Sunday, September 28, 2008

Caveat Emptor - Understand What you Invest In !

With the recent bankruptcy of Lehman Brothers, there has been much controversy over the structured products which have been sold (through various financial institutions and brokerages) to retail investors. One of them is the DBS High-Notes, while another contentious product are the Lehman Brothers Mini-Bond Series. When a major event such as a credit event occurs, these products are rendered virtually useless for the retail investor and many are now questioning the amount of risk they took up (unknowingly) and whether there was any mis-representation on the part of bank officers who sold them such products.

Deep in the heart of such controversy lies the term "Caveat Emptor", which means "buyer beware" in Latin. Essentially, it means that purchasers of securities and investment products should understand what they are buying before they plunge in, or suffer the consequences of their lack of understanding. While the flip side for this argument is that the "pushers" if such securities ought to be more informed and provide better clarity on the structure of such products; the reality is that sometimes the sellers of such products themselves may not fully understand the consequences or ramifications of obscure events such as "credit events" or "default".
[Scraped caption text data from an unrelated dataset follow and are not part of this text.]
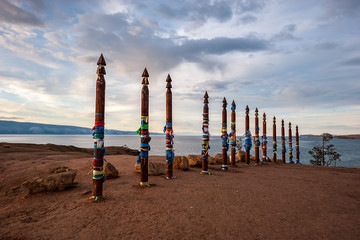 Sacred pillars with tied ribbons on Cape Burhan of Olkhon Island. Buryat traditions. Shamanistic rites of Lake Baikal.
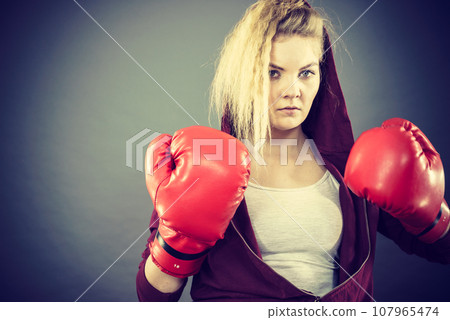 Angry woman wearing boxing gloves 107965474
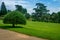 Hedge Topiary in a Peaceful Green Garden bushes and trees in formal english garden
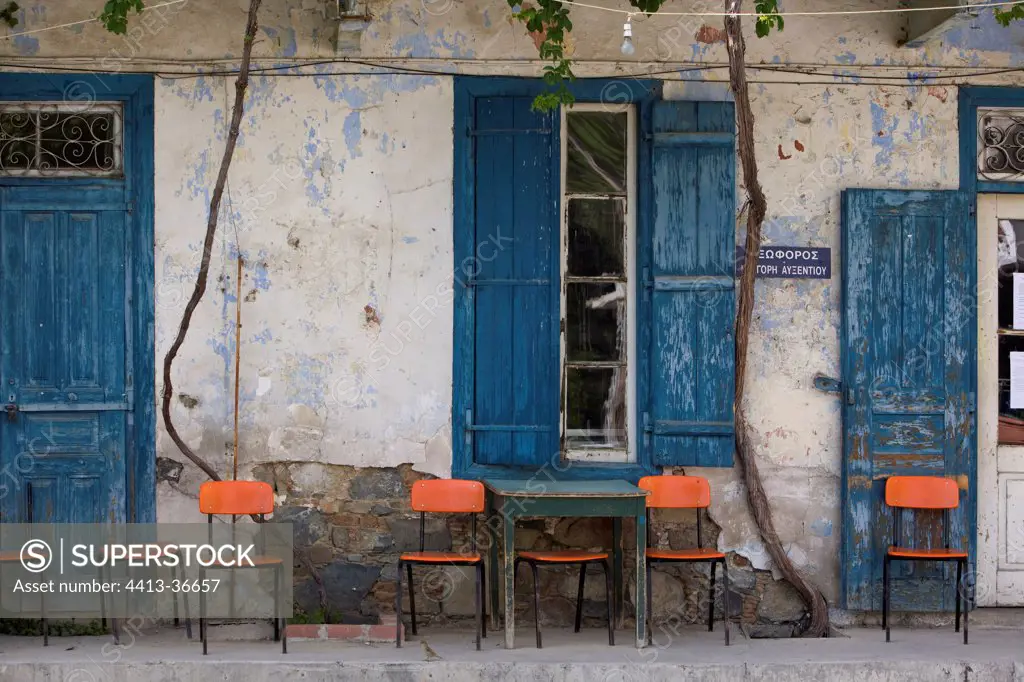Oranges chairs in front of a cafe with blue shutters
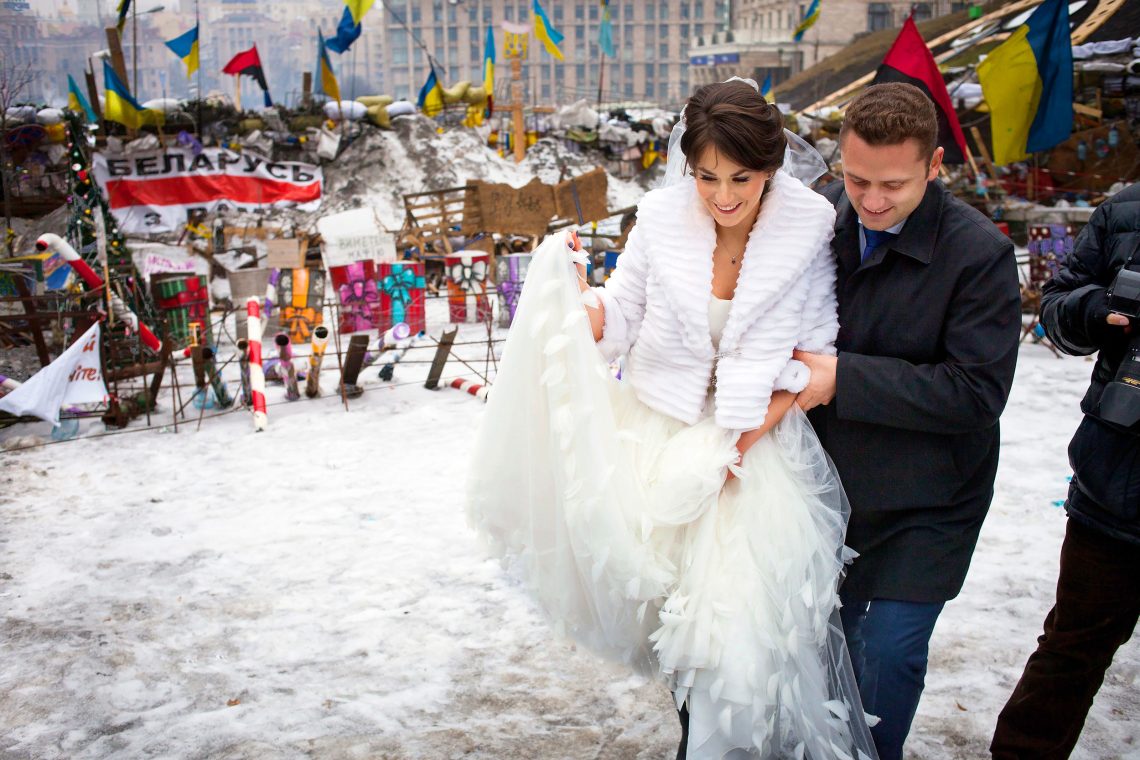Ein Hochzeitspaar auf dem Euromajdan in Kyjiw im Februar 2014. Es liegt Schnee und scheint kalt zu sein. Im Hintergrund Barrikaden und Fahnen.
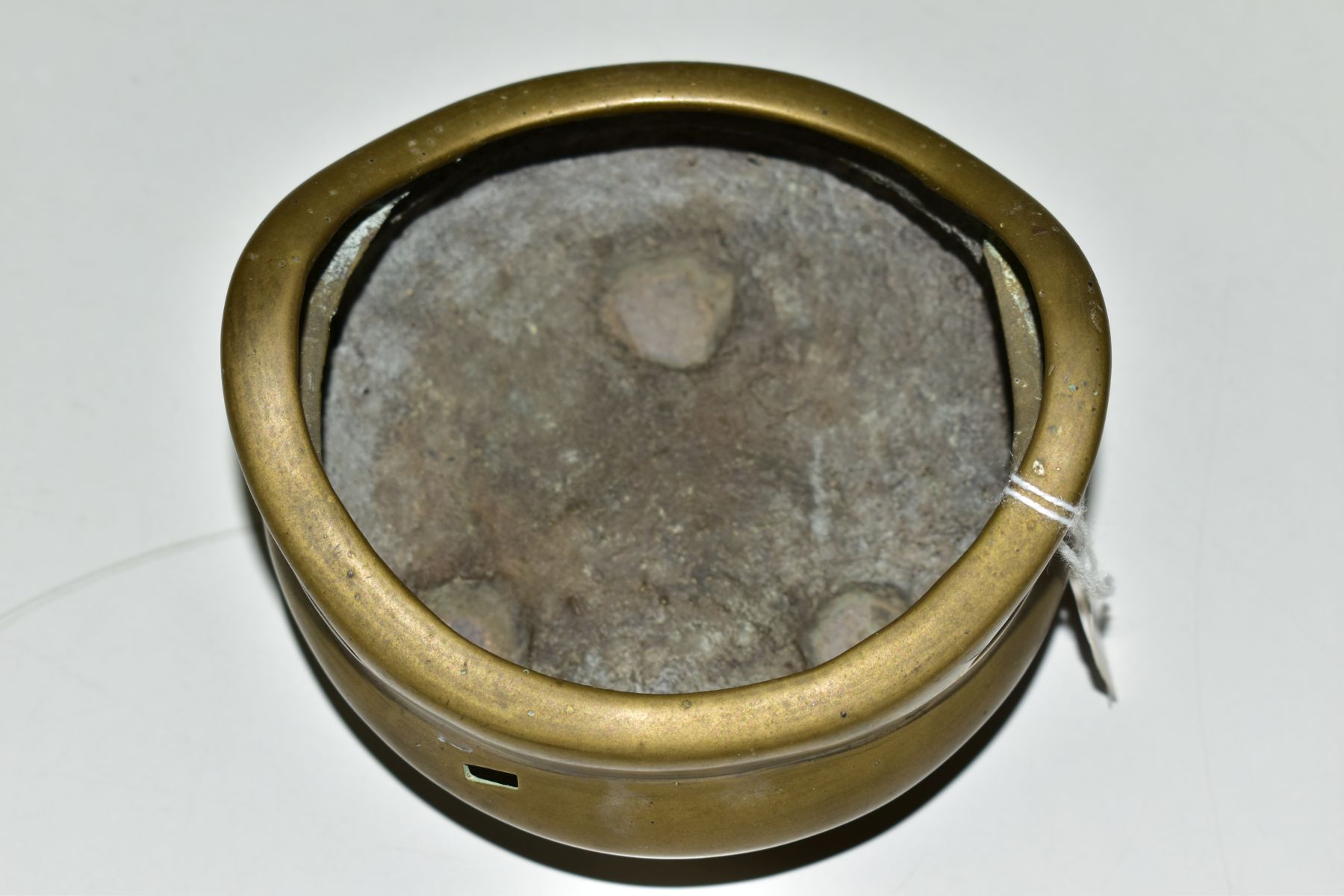 A CHINESE POLISHED BRONZE TRIPOD CENSER, 18th / 19th Century, looped handles, cast mark to - Image 4 of 7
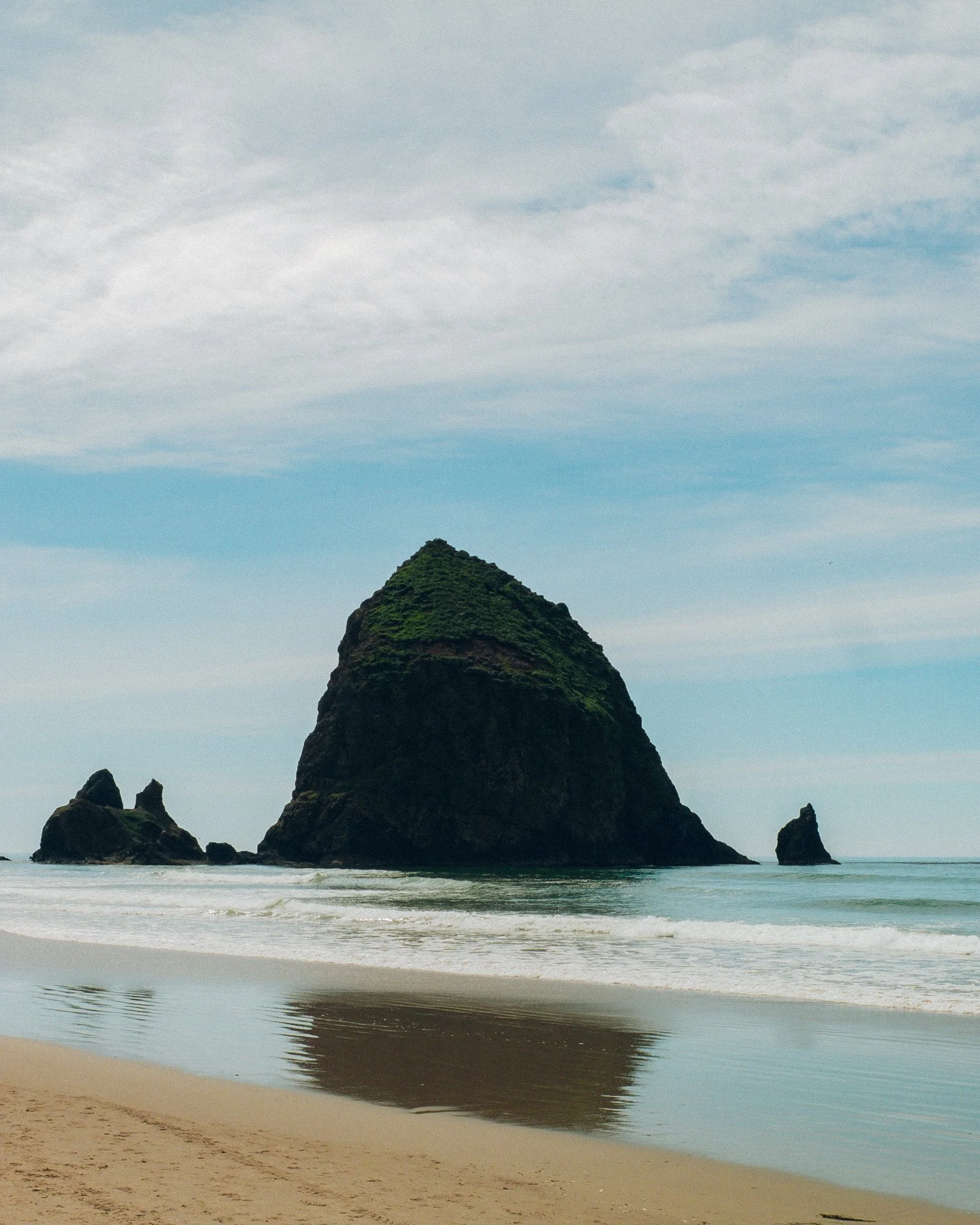 Filmic landscape photo of large volcanic sea stack with greenery, surrounded by water and smaller rocks at the coast, under a cloudy sky.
If sufficient appropriate disclosure of risks had been made, perhaps the issue would not have blown up in the media to the extent that it is (in Hong Kong, and now in Singapore). I have read reports that showed retirees who invested their life savings (6-digit sum) into such derivative products, believing that the risk was low and that the product was principal-guaranteed. THe 5% interest rate seemed a little too good to be true, as bank savings rate was only a paltry 0.25% ! I guess as the saying goes - if something is too good to be true, then sometimes it isn't true. Apparently, such high returns were a form of "insurance premium" which the banks paid to ensure that there was no default on any of the underlying securities; and the retail investors were the ones who had to pay out the "insurance" when one of the firms went bust. Essentially, these investors were in the dark about being used as vehicles for insurance, while the issuer of such securities paid off these premiums to them every year. Though the risk of default at the time of issuance was low, this does not preclude the fact that the product was in itself risky and complex.

The Edge Magazine's Personal Wealth section reported that even Mr. Leong Sze Hian (who is president of the Society of Financial Service Professionals in Singapore and has 4 Masters Degrees) had problems understanding the inner workings of such products. He had to read it a few times and in depth before he could unravel the risks and characteristics of such products. So the irony is that if such an accomplished and experienced professional such as Mr. Leong finds it hard to understand such products, what about the uneducated retail investor who simply seeks a safe haven to park their retirement monies ? The banks and brokerages have a fiduciary duty to the general public to ensure that ALL the risks and rewards of ALL the products they offer are clearly and explicitly stated, and not just using glossy marketing brochures to advertise the rewards in large fonts while keeping the risks portion at font size 6.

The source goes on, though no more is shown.